The fallback_triangle_percent parameter controls the non-Nanite fallback mesh (used on platforms without Nanite support, e.g. mobile). Setting it to 1.0 keeps full resolution fallback; lower values reduce disk size at the cost of fallback fidelity.

Culling Integration

Nanite performs hierarchical culling at the cluster BVH level. Frustum and occlusion culling happen inside the GPU visibility pass using a two-pass depth pyramid approach: the first pass renders previously-visible clusters to build an occluder depth buffer; the second pass tests new clusters against it. This is functionally similar to HZB occlusion culling in the traditional pipeline but operates at cluster granularity without CPU readback.

Traditional UE5 rendering uses hardware occlusion queries or HZB queries submitted from the CPU. At high instance counts, these generate GPU stalls waiting for query results. Nanite's GPU-resident culling eliminates this round-trip.

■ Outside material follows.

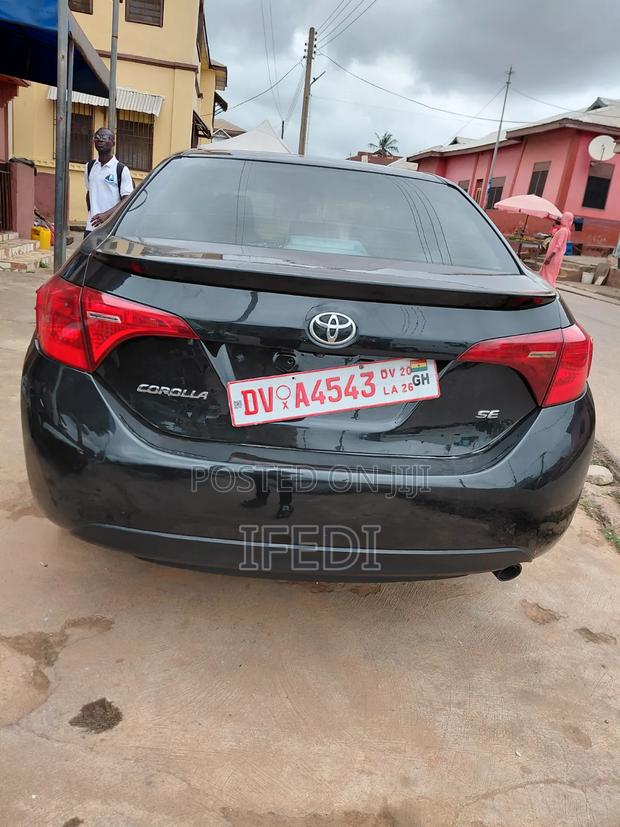 Toyota Corolla 2017 Black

// Profiling Nanite visibility pass in RenderDoc / UE Insights
// Key passes to inspect:
//   Nanite::InitCandidateNodes
//   Nanite::PersistentCull     — main BVH traversal
//   Nanite::Rasterize          — software + hardware raster
//   Nanite::EmitGBuffer        — resolve to GBuffer targets

// Stats via stat command:
stat nanite
stat nanitestreaming

Platform Support

Nanite requires SM6 / D3D12 (PC, Series X/S, PS5). It is not available on SM5, Vulkan below 1.2 (implementation-dependent), or mobile. Consoles below current-gen fall back to the Nanite fallback mesh defined at import. For cross-platform projects targeting last-gen hardware, a hybrid approach is mandatory: Nanite assets must carry a valid fallback LOD configuration.

Platform	Nanite	Notes
PC (DX12 SM6)	Full support	Requires GPU with SM6 tier 1+
PS5	Full support	Native GNM path
Xbox Series X/S	Full support	DX12U path
PS4 / Xbox One	Not supported	Fallback mesh used
Mobile (iOS/Android)	Not supported	Fallback mesh used
Vulkan (PC/Android)	Partial	Vulkan 1.3 + driver-dependent

Decision Guidance

Use Nanite when

Target platforms support SM6
Scene has high unique mesh count or dense instance populations
Assets are opaque static geometry (architecture, terrain props, rocks)
Eliminating LOD pop is a visual priority
Artist bandwidth for LOD generation is limited
Using Virtual Shadow Maps (native integration)
Foliage in mid-range without heavy WPO

Avoid Nanite for

Skeletal / skinned meshes (characters, cloth)
Translucent or particle-driven materials
Heavy real-time WPO at high instance counts
Cross-gen projects without platform budget for fallback authoring
Meshes with PDO-based depth effects
Landscape (use native LOD system)
Small primitive counts where traditional LODs are already optimal

Profiling & Debugging

The primary tool for Nanite debugging is the visualization modes accessible via the viewport Show menu or console:

// Nanite visualization modes
r.Nanite.Visualize triangles      // rendered triangle density
r.Nanite.Visualize clusters       // cluster boundaries
r.Nanite.Visualize overdraw       // depth complexity
r.Nanite.Visualize materialid     // per-material coverage
r.Nanite.Visualize instanceoverdraw // instance depth pile-up

// Key metrics from stat nanite:
// Nanite.Clusters.Total        — clusters evaluated in visibility pass
// Nanite.Triangles.Total       — triangles rasterized this frame
// Nanite.Pages.Streamed        — cluster pages streamed from disk
// Nanite.Culled.Percent        — culled vs. submitted ratio (target: >90%)

For traditional LOD debugging, stat initviews and ProfileGPU expose draw call breakdown and occlusion query cost. The LOD coloring visualizer (Show > LOD Coloring) overlays current LOD level per mesh in the viewport — essential for identifying LOD bias and transition band issues.

Performance Target

A Nanite.Culled.Percent below 85% typically indicates depth complexity problems — scene layout with excessive overdraw (dense foliage canopy, layered particle-heavy atmosphere). This is a scene design issue, not a Nanite configuration issue, and applies equally to traditional rasterization.